Mais un gouvernement en affaires courantes, c’est quoi en fait?

Mardi soir, Charles Michel a annoncé la démission de son gouvernement. Depuis le début de la crise politique, les mots "affaires courantes" sont soufflés de toute part. Mais ça veut dire quoi un gouvernement en affaires courantes ? On décortique. 

©Belga Images

Pour le moment, rien ne certifie que le gouvernement Michel II entre en période d’affaires courantes. Si ça se trouve, cela ne se produira jamais. Pourtant, le scénario reste imaginable et la Belgique ne serait pas à son premier coup d’essai. « Traditionnellement, on limite les affaires courantes à trois choses : ce qui relève de la gestion quotidienne de l’État, ce qui est en cours et doit être abouti et ce qui est urgent », détaille Jean Faniel, directeur général du CRISP. Des compétences limitées en attendant qu’un nouveau gouvernement voit le jour. Évidemment, la réalité du « terrain » s’avère plus complexe et, surtout, moins balisée.

541 jours sans 

Il faut remonter jusqu’en 1978 pour dénicher le premier gouvernement en affaires courantes : celui de Vanden Boeynants II. À l’époque, le gouvernement Martens I (il y en aura tout de même neuf) peine à être formé. Celui de son prédécesseur restera en affaires courantes pendant 106 jours. Des cas de figure typiquement belges qui se succèderont au fil des années jusqu’à l’illustre cas de la crise politique de 2010-2011 sous le Premier ministre Yves Leterme. Pendant près de 541 jours, la Belgique connait un gouvernement en affaires courantes ce qui ne l’empêche pourtant pas d’assurer la présidence du Conseil de l’Union européenne.

©Belga Images

« Évidemment, quand on n’a pas de gouvernement pendant plus d’un an, on a un élargissement de la conception de ce qui relève des affaires courantes », précise Jean Faniel. Plus question de se contenter d’un strict minimum qui plongerait possiblement le pays dans l’embarras tant sur la scène nationale qu’internationale. Toujours en 2011, le gouvernement Leterme II dû tout de même présenter un budget – demandé par Albert II – ainsi que prendre position par rapport aux banques ou à la guerre en Libye.

Les affaires courantes ne sont ni régies par des textes de lois ni par la Constitution et dépendn, en réalité, de la situation. « Il convient d’éviter toute vacance du pouvoir gouvernemental qui puisse être préjudiciable à la marche normale de l’État et aux relations internationales du pays », précise le CRISP.

Une crise davantage délicate

La crise politique actuelle reste sensiblement différente de celle connue quelques années plus tôt. « Ce qu’il faut savoir, c’est qu’en 2011 le gouvernement en affaires courantes disposait d’une majorité à la Chambre.
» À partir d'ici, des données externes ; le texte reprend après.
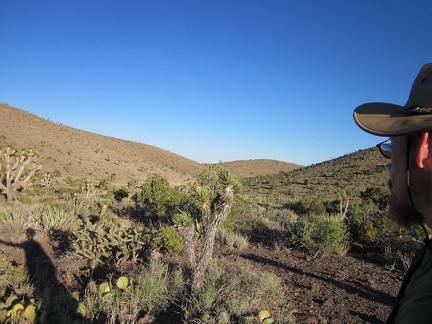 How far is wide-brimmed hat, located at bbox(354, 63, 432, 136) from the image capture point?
113 centimetres

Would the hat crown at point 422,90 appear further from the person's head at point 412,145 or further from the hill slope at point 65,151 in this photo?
the hill slope at point 65,151

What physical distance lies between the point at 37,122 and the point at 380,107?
58.2 m

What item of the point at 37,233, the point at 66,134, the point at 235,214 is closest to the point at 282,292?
the point at 235,214

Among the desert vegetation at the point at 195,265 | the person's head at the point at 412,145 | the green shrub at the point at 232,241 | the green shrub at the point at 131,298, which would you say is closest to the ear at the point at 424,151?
the person's head at the point at 412,145

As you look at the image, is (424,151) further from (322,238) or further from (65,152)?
(65,152)

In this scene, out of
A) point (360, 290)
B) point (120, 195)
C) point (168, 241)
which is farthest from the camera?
point (120, 195)

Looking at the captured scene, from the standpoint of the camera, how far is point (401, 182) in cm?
125

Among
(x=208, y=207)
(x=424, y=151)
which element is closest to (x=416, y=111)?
(x=424, y=151)

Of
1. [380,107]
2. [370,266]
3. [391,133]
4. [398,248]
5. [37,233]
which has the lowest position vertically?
[37,233]

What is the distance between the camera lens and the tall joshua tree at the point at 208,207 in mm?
5414

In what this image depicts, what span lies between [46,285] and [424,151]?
22.2 ft

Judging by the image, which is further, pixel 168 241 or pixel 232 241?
pixel 232 241

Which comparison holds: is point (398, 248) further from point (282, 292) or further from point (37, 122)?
point (37, 122)

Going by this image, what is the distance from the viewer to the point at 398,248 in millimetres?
9086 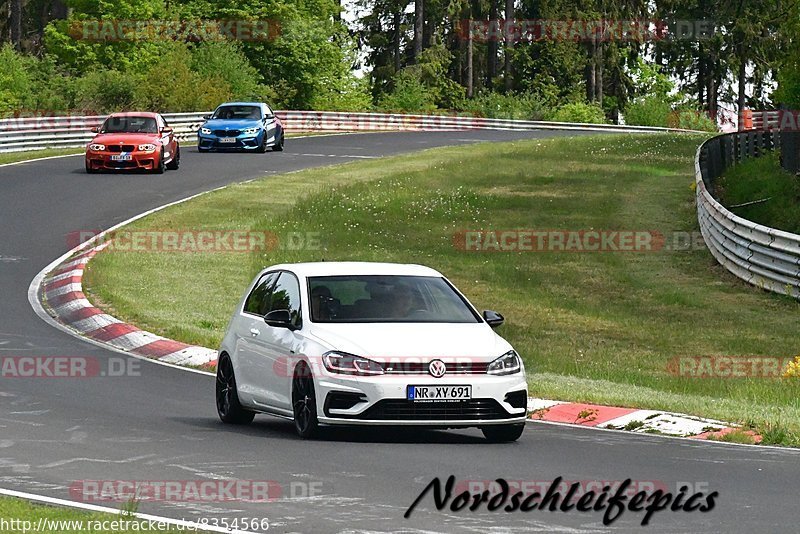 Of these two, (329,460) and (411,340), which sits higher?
(411,340)

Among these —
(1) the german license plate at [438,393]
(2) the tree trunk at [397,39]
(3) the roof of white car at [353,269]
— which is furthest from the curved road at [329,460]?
(2) the tree trunk at [397,39]

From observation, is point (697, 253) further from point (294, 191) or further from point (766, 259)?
point (294, 191)

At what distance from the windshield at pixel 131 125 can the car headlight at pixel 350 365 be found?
94.6 ft

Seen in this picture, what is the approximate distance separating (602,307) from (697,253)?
781 centimetres

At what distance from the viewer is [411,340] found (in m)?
12.2

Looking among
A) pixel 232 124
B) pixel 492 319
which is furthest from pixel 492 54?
pixel 492 319

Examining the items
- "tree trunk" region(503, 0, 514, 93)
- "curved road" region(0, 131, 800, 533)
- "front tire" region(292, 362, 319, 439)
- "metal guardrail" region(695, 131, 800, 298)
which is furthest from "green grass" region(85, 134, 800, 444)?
"tree trunk" region(503, 0, 514, 93)

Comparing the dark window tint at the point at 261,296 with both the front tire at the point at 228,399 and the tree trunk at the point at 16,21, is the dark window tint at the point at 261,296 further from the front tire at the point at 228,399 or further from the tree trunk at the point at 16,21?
the tree trunk at the point at 16,21

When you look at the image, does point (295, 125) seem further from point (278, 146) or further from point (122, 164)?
point (122, 164)

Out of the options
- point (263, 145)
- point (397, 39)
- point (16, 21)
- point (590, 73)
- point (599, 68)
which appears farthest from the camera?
point (397, 39)

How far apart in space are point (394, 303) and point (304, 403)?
1255 mm

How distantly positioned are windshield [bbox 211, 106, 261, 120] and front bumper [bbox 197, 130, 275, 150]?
0.57 meters

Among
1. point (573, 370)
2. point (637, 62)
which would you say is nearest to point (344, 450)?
point (573, 370)

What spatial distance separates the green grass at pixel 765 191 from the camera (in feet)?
107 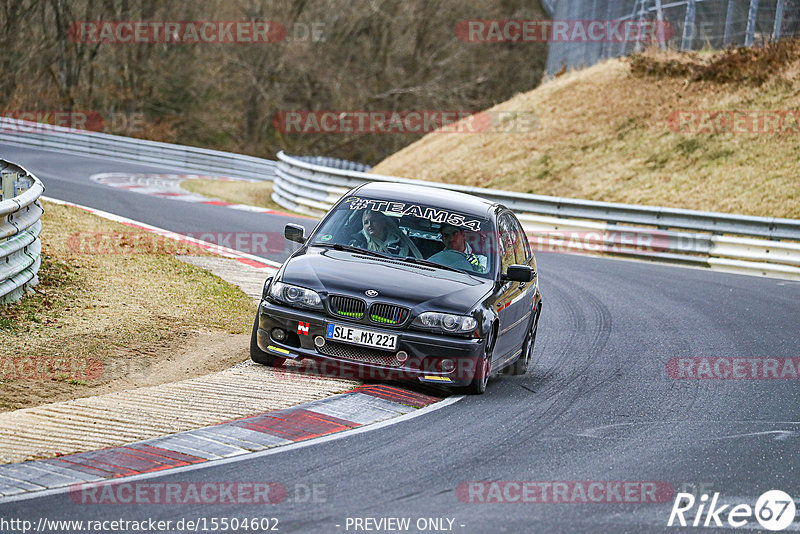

Par exemple, ce n’était pas trop compliqué de préparer le budget puisque c’était les mêmes partis en affaires courantes qui négociaient la réforme de l’État que ceux qui devaient ouvrir la voie à un nouveau gouvernement », analyse Jean Faniel. Une situation plus facile que l’actuelle où le gouvernement Michel n’a plus de majorité depuis que la N-VA a quitté la coalition suite au désaccord au sujet du pacte migratoire de l’ONU. Parce que oui, rappelons le, la crise part de la signature de ce pacte. 

Si le gouvernement venait vraiment à être en affaires courantes, plusieurs dossiers pourraient être fortement impactés comme le remplacement des F-16, l’établissement d’une liste des métiers pénibles, ou encore la mesure de dégressivité des allocations de chômage. Mais ce n’est qu’une option parmi d’autres. Reste aussi de possibles élections anticipées dont pratiquement aucun parti ne veut… sauf la N-VA.